··· GIVEN DATA ···

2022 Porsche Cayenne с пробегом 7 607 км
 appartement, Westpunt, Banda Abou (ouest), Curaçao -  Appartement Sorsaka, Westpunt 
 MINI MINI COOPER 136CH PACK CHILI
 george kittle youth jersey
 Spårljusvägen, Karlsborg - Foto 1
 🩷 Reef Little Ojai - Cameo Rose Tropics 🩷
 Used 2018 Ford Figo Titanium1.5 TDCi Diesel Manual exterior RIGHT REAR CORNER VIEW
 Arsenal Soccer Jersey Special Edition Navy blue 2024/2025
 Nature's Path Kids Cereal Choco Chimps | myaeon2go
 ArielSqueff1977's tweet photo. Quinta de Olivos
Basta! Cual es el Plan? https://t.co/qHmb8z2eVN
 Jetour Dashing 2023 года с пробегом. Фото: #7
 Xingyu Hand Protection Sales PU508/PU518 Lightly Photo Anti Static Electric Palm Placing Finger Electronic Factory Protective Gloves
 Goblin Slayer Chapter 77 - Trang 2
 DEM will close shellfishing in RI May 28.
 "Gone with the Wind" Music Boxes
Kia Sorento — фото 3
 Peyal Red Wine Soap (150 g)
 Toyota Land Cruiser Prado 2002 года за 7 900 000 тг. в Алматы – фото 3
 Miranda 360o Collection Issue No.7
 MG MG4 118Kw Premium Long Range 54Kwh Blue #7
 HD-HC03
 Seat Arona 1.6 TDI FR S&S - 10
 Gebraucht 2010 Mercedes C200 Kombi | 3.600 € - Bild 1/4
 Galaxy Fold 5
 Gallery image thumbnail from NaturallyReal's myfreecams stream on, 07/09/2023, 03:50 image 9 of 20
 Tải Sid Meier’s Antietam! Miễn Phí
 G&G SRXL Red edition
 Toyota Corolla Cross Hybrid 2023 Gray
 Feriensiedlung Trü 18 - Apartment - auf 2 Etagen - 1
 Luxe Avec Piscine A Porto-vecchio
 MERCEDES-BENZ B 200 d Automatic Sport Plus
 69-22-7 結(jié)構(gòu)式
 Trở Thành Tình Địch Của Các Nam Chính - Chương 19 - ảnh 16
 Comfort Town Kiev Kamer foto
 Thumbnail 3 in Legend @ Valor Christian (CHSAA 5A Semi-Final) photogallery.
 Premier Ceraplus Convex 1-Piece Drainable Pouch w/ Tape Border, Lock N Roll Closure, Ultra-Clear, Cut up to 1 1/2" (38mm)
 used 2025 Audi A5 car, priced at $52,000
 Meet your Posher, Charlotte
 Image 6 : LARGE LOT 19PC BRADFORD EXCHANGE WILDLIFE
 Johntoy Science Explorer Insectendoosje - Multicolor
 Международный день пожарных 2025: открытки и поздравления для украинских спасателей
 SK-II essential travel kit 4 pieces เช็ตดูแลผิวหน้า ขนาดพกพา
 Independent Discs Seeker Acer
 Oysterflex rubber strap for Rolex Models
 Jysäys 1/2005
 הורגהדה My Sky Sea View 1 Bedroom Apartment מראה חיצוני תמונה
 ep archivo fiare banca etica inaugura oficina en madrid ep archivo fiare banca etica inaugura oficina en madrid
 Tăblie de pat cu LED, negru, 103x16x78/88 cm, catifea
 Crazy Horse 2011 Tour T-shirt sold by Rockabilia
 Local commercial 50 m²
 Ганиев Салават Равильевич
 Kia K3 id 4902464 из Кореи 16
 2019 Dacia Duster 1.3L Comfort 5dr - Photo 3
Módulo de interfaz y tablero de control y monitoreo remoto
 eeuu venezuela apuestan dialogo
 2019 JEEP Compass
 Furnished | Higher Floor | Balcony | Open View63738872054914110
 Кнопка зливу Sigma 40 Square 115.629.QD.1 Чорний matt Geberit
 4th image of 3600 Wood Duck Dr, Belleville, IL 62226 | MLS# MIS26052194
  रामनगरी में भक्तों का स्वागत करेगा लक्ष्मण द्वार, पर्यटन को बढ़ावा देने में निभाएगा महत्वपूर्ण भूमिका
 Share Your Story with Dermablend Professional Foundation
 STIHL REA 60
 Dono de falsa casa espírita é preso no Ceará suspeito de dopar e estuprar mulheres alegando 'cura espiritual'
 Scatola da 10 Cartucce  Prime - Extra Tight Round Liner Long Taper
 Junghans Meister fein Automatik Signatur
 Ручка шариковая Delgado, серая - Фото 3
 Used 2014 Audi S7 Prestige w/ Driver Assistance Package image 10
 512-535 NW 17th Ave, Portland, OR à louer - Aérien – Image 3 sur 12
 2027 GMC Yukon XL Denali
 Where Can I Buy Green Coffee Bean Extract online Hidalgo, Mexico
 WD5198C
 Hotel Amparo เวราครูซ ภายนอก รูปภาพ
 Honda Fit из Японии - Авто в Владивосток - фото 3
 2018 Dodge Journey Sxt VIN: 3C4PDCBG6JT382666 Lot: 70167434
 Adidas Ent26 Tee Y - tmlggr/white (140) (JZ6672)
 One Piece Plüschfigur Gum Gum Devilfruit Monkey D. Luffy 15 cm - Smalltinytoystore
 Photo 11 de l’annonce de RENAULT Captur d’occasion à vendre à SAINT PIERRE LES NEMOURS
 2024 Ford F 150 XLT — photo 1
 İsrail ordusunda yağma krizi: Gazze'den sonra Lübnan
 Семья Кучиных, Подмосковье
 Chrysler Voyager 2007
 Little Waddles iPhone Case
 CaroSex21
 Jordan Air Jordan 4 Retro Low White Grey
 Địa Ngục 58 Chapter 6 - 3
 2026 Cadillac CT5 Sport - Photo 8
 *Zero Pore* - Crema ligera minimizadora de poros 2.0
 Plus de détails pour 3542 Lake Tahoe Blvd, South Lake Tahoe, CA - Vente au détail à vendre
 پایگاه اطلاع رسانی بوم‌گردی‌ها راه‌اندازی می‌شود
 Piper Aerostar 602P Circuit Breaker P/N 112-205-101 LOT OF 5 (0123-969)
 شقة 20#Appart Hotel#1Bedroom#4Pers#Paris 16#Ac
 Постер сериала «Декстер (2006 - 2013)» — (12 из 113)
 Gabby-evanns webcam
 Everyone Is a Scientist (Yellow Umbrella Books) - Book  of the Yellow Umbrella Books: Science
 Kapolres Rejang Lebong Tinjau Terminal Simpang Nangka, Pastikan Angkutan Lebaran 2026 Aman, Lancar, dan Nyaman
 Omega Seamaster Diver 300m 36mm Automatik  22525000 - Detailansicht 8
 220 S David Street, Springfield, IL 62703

···

## THE TASK
Every line of the listing is to be returned exactly as given.

## EXERCISE ANSWER
2022 Porsche Cayenne с пробегом 7 607 км
 appartement, Westpunt, Banda Abou (ouest), Curaçao -  Appartement Sorsaka, Westpunt 
 MINI MINI COOPER 136CH PACK CHILI
 george kittle youth jersey
 Spårljusvägen, Karlsborg - Foto 1
 🩷 Reef Little Ojai - Cameo Rose Tropics 🩷
 Used 2018 Ford Figo Titanium1.5 TDCi Diesel Manual exterior RIGHT REAR CORNER VIEW
 Arsenal Soccer Jersey Special Edition Navy blue 2024/2025
 Nature's Path Kids Cereal Choco Chimps | myaeon2go
 ArielSqueff1977's tweet photo. Quinta de Olivos
Basta! Cual es el Plan? https://t.co/qHmb8z2eVN
 Jetour Dashing 2023 года с пробегом. Фото: #7
 Xingyu Hand Protection Sales PU508/PU518 Lightly Photo Anti Static Electric Palm Placing Finger Electronic Factory Protective Gloves
 Goblin Slayer Chapter 77 - Trang 2
 DEM will close shellfishing in RI May 28.
 "Gone with the Wind" Music Boxes
Kia Sorento — фото 3
 Peyal Red Wine Soap (150 g)
 Toyota Land Cruiser Prado 2002 года за 7 900 000 тг. в Алматы – фото 3
 Miranda 360o Collection Issue No.7
 MG MG4 118Kw Premium Long Range 54Kwh Blue #7
 HD-HC03
 Seat Arona 1.6 TDI FR S&S - 10
 Gebraucht 2010 Mercedes C200 Kombi | 3.600 € - Bild 1/4
 Galaxy Fold 5
 Gallery image thumbnail from NaturallyReal's myfreecams stream on, 07/09/2023, 03:50 image 9 of 20
 Tải Sid Meier’s Antietam! Miễn Phí
 G&G SRXL Red edition
 Toyota Corolla Cross Hybrid 2023 Gray
 Feriensiedlung Trü 18 - Apartment - auf 2 Etagen - 1
 Luxe Avec Piscine A Porto-vecchio
 MERCEDES-BENZ B 200 d Automatic Sport Plus
 69-22-7 結(jié)構(gòu)式
 Trở Thành Tình Địch Của Các Nam Chính - Chương 19 - ảnh 16
 Comfort Town Kiev Kamer foto
 Thumbnail 3 in Legend @ Valor Christian (CHSAA 5A Semi-Final) photogallery.
 Premier Ceraplus Convex 1-Piece Drainable Pouch w/ Tape Border, Lock N Roll Closure, Ultra-Clear, Cut up to 1 1/2" (38mm)
 used 2025 Audi A5 car, priced at $52,000
 Meet your Posher, Charlotte
 Image 6 : LARGE LOT 19PC BRADFORD EXCHANGE WILDLIFE
 Johntoy Science Explorer Insectendoosje - Multicolor
 Международный день пожарных 2025: открытки и поздравления для украинских спасателей
 SK-II essential travel kit 4 pieces เช็ตดูแลผิวหน้า ขนาดพกพา
 Independent Discs Seeker Acer
 Oysterflex rubber strap for Rolex Models
 Jysäys 1/2005
 הורגהדה My Sky Sea View 1 Bedroom Apartment מראה חיצוני תמונה
 ep archivo fiare banca etica inaugura oficina en madrid ep archivo fiare banca etica inaugura oficina en madrid
 Tăblie de pat cu LED, negru, 103x16x78/88 cm, catifea
 Crazy Horse 2011 Tour T-shirt sold by Rockabilia
 Local commercial 50 m²
 Ганиев Салават Равильевич
 Kia K3 id 4902464 из Кореи 16
 2019 Dacia Duster 1.3L Comfort 5dr - Photo 3
Módulo de interfaz y tablero de control y monitoreo remoto
 eeuu venezuela apuestan dialogo
 2019 JEEP Compass
 Furnished | Higher Floor | Balcony | Open View63738872054914110
 Кнопка зливу Sigma 40 Square 115.629.QD.1 Чорний matt Geberit
 4th image of 3600 Wood Duck Dr, Belleville, IL 62226 | MLS# MIS26052194
  रामनगरी में भक्तों का स्वागत करेगा लक्ष्मण द्वार, पर्यटन को बढ़ावा देने में निभाएगा महत्वपूर्ण भूमिका
 Share Your Story with Dermablend Professional Foundation
 STIHL REA 60
 Dono de falsa casa espírita é preso no Ceará suspeito de dopar e estuprar mulheres alegando 'cura espiritual'
 Scatola da 10 Cartucce  Prime - Extra Tight Round Liner Long Taper
 Junghans Meister fein Automatik Signatur
 Ручка шариковая Delgado, серая - Фото 3
 Used 2014 Audi S7 Prestige w/ Driver Assistance Package image 10
 512-535 NW 17th Ave, Portland, OR à louer - Aérien – Image 3 sur 12
 2027 GMC Yukon XL Denali
 Where Can I Buy Green Coffee Bean Extract online Hidalgo, Mexico
 WD5198C
 Hotel Amparo เวราครูซ ภายนอก รูปภาพ
 Honda Fit из Японии - Авто в Владивосток - фото 3
 2018 Dodge Journey Sxt VIN: 3C4PDCBG6JT382666 Lot: 70167434
 Adidas Ent26 Tee Y - tmlggr/white (140) (JZ6672)
 One Piece Plüschfigur Gum Gum Devilfruit Monkey D. Luffy 15 cm - Smalltinytoystore
 Photo 11 de l’annonce de RENAULT Captur d’occasion à vendre à SAINT PIERRE LES NEMOURS
 2024 Ford F 150 XLT — photo 1
 İsrail ordusunda yağma krizi: Gazze'den sonra Lübnan
 Семья Кучиных, Подмосковье
 Chrysler Voyager 2007
 Little Waddles iPhone Case
 CaroSex21
 Jordan Air Jordan 4 Retro Low White Grey
 Địa Ngục 58 Chapter 6 - 3
 2026 Cadillac CT5 Sport - Photo 8
 *Zero Pore* - Crema ligera minimizadora de poros 2.0
 Plus de détails pour 3542 Lake Tahoe Blvd, South Lake Tahoe, CA - Vente au détail à vendre
 پایگاه اطلاع رسانی بوم‌گردی‌ها راه‌اندازی می‌شود
 Piper Aerostar 602P Circuit Breaker P/N 112-205-101 LOT OF 5 (0123-969)
 شقة 20#Appart Hotel#1Bedroom#4Pers#Paris 16#Ac
 Постер сериала «Декстер (2006 - 2013)» — (12 из 113)
 Gabby-evanns webcam
 Everyone Is a Scientist (Yellow Umbrella Books) - Book  of the Yellow Umbrella Books: Science
 Kapolres Rejang Lebong Tinjau Terminal Simpang Nangka, Pastikan Angkutan Lebaran 2026 Aman, Lancar, dan Nyaman
 Omega Seamaster Diver 300m 36mm Automatik  22525000 - Detailansicht 8
 220 S David Street, Springfield, IL 62703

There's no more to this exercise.